What is expected: Within the material below, transcribe exactly the lines from the one holding "Pollo en Salsa" through the one holding "Champion 545 - Glider", keeping both ends and skipping the rest.

───── Supplied material

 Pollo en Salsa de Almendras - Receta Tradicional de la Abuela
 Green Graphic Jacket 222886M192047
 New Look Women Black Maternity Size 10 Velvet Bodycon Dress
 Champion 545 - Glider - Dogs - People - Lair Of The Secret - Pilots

──────────
───── Supplied material

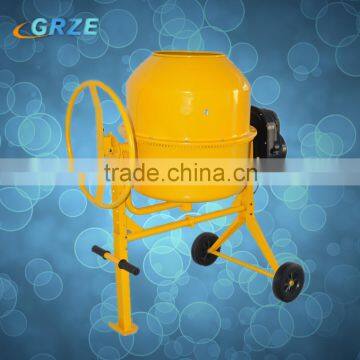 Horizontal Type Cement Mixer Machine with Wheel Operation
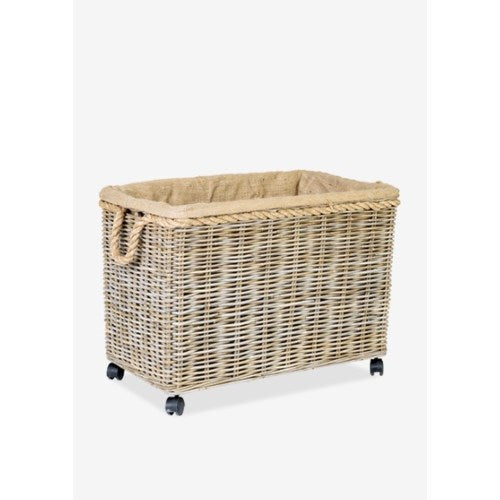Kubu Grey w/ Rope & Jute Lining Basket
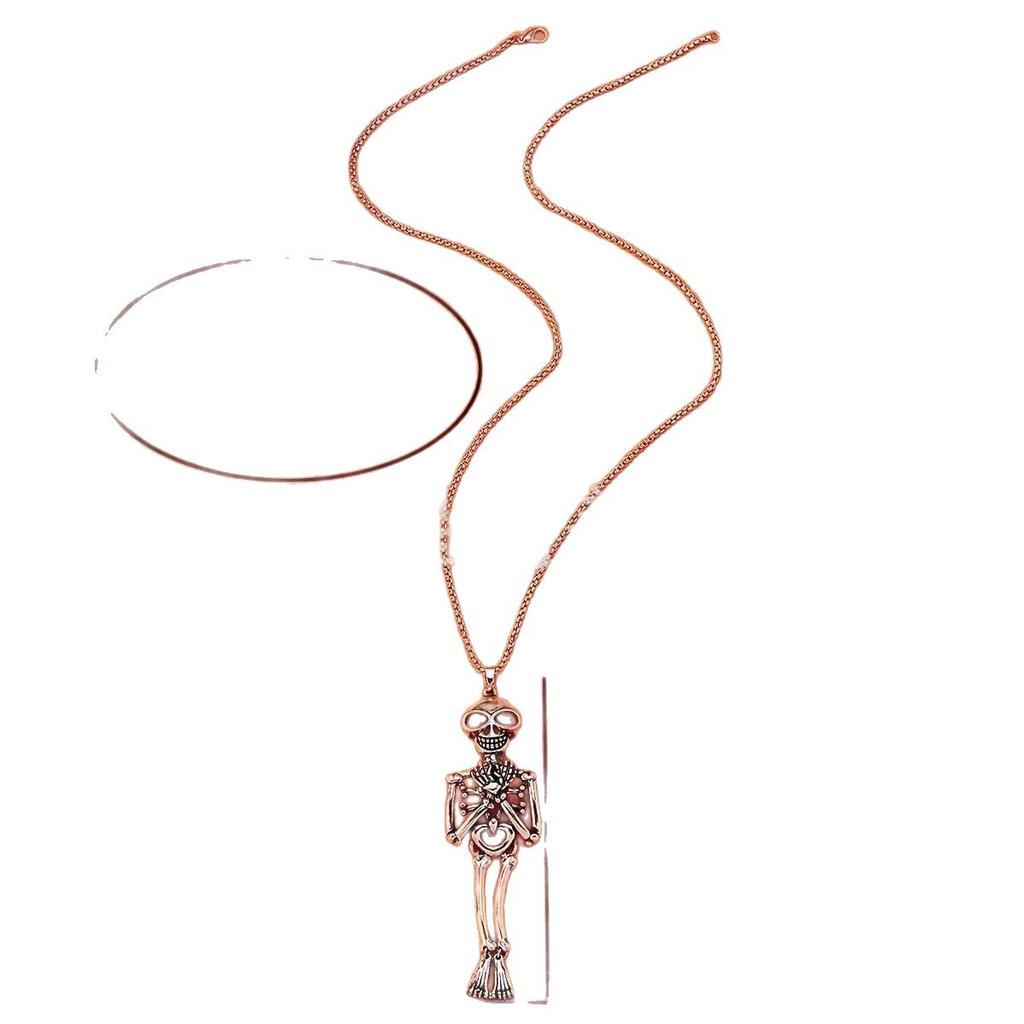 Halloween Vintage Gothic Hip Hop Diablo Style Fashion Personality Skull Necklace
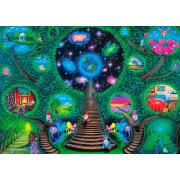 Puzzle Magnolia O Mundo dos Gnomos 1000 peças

──────────

Task response:
 Pollo en Salsa de Almendras - Receta Tradicional de la Abuela
 Green Graphic Jacket 222886M192047
 New Look Women Black Maternity Size 10 Velvet Bodycon Dress
 Champion 545 - Glider - Dogs - People - Lair Of The Secret - Pilots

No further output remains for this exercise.